Cons – Sink rate was higher than average ultralight (though this can be put to good use in landings). No flaps, and slips are less effective in the nonenclosed Phantom. Braking power is limited on fast landings.
Quality and quantity for: Coordination; Authority; Pressures; Response; and Coupling.
Pros – Strong control action in all axes. Particularly authoritative pitch. Harmony between the control surfaces was quite good even though ailerons appear to be more powerful than the rudder, perhaps a function of the direct rudder linkage. Newer “He-Man” bars allow better stick range for all pilots and especially for big guys.
Cons – tstar (a similar ultralight, but one which has discreet ailerons and flaps). Rudder pedals seemed to have an unusual angle at first (I came to like them later). It’s hard to fault Phantom handling – the design and its qualities remain a success even after pioneering ultralight aviation.
Climb; Glide; Sink; Cruise/stall/max speeds; Endurance; Range; Maneuverability.
Pros – High-lift wing with close rib spacing yields a potent climb with the 50-hp Rotax 503 dual carb (a Rotax 447 is required to meet Part 103). More power would be superfluous in my opinion; Child’s Play performed wonderfully with 50 horses. The Phantom also slows down well – maintaining its handling – for low-over-the-field flying that ultralighters love.
Cons – Sink rate is higher than average, probably a function of 142 square feet of wing area (though optional high-lift wing variation is better than some older models). In this category, as well, it’s hard to criticize Phantom performance.
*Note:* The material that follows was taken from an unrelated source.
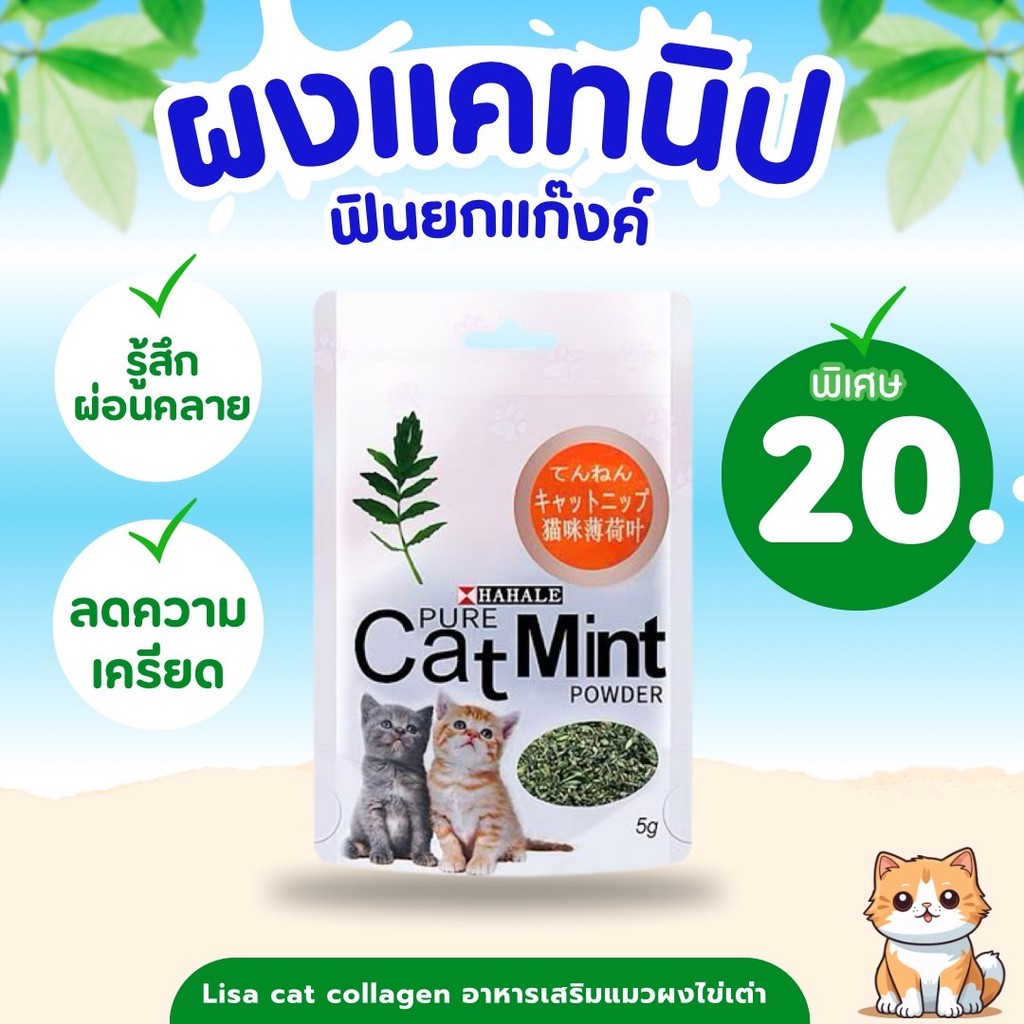 #catnip #คลายเครียดน้องแมว พร้อมส่ง ร้านไทย 🇹🇭 แคทนิป 🍃🍃 #กัญชา แมว ชอบมาก หอมๆฟิน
Stall recovery and characteristics; Dampening; Spiral stability; Adverse yaw qualities.
Pros – Stalls are low at close to 30 mph power-off. Full-power stalls keep climbing. Longitudinal stability and response to power changes were both very positive. Child’s Play flew dead straight when hands off, an unusually good performance (I partly credit the solid cable-braced airframe).
Cons – Power-off stalls lose some altitude when they break. A lower dihedral allows some overbanking tendency in steeper turns (though aerobatic pilots probably prefer this quality).
Addresses the questions: “Will a buyer get what he/she expects to buy, and did the designer/builder achieve the chosen goal?”
Pros – Good solid company ownership has replaced short-lived previous ones; same personnel making parts for many years (and many owners). The Phantom ultralight is a long-time survivor improved by various refinements, notably by current ownership. Excellent value at $9,888 complete with “everything you need to fly,” says the factory. With the basic (and plenty powerful) Rotax 447, the Phantom can make Part 103 weight, according to the company.
Cons – Some pilots just don’t get it about cable-bracing, and because they don’t, your resale options become more limited. You don’t really want to break this ultralight down – it’s a long process (though better than older models!). Entry is tough enough that some won’t “qualify.”